▶ **ABOUT THIS TASK**:
Apart from the images, reproduce all of the data word for word.

▶ **DATA BLOCK**:
____

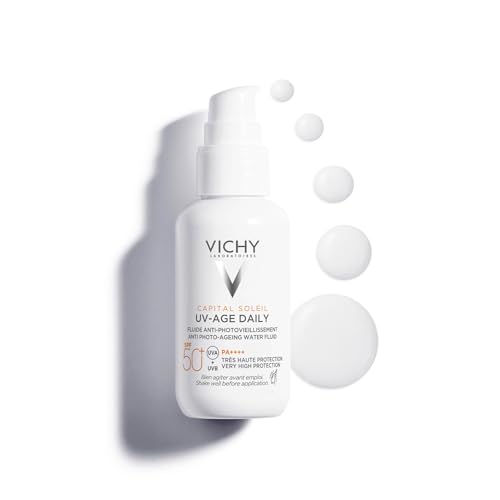 Vichy Líquido Fotoprotector UV-Age de Uso Diario, Combate el Envejecimiento, Previene Arrugas y Manchas, Fotoprotección SPF50+ Contra Rayos UVB y UVA, Capital Soleil, 40 ml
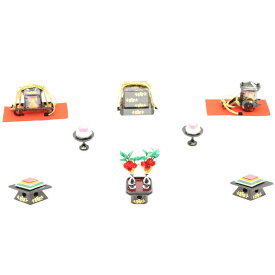 アウトレット品 雛人形 道具単品 雛道具6品セット 20号 黒塗り 6点 (26a-ya-0399) インテリア ディスプレイ 見切処分品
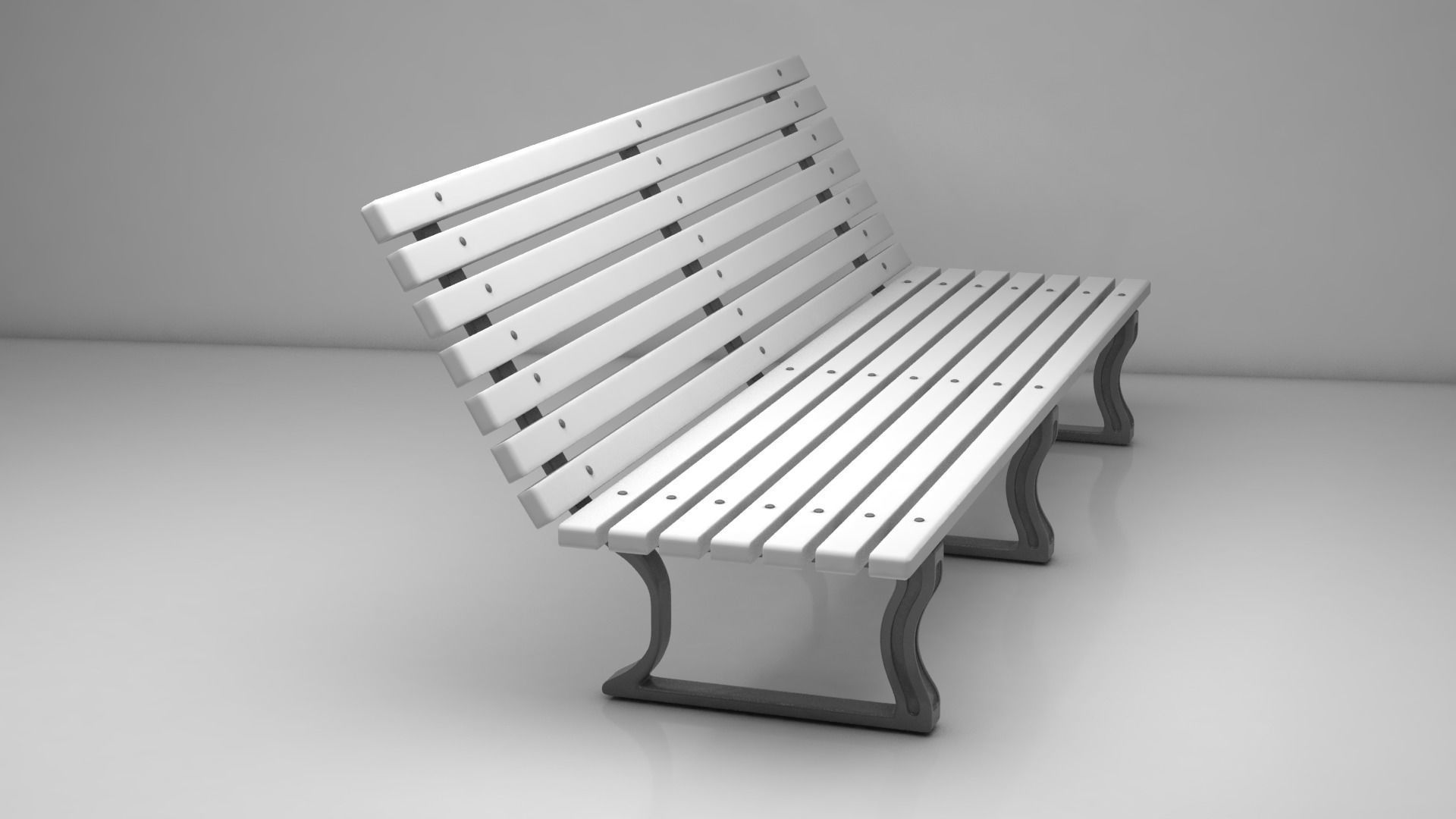 Park Bench 3D model_4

____

▶ **RESPONSE TO THIS EXERCISE**:
 Vichy Líquido Fotoprotector UV-Age de Uso Diario, Combate el Envejecimiento, Previene Arrugas y Manchas, Fotoprotección SPF50+ Contra Rayos UVB y UVA, Capital Soleil, 40 ml
 アウトレット品 雛人形 道具単品 雛道具6品セット 20号 黒塗り 6点 (26a-ya-0399) インテリア ディスプレイ 見切処分品
 Park Bench 3D model_4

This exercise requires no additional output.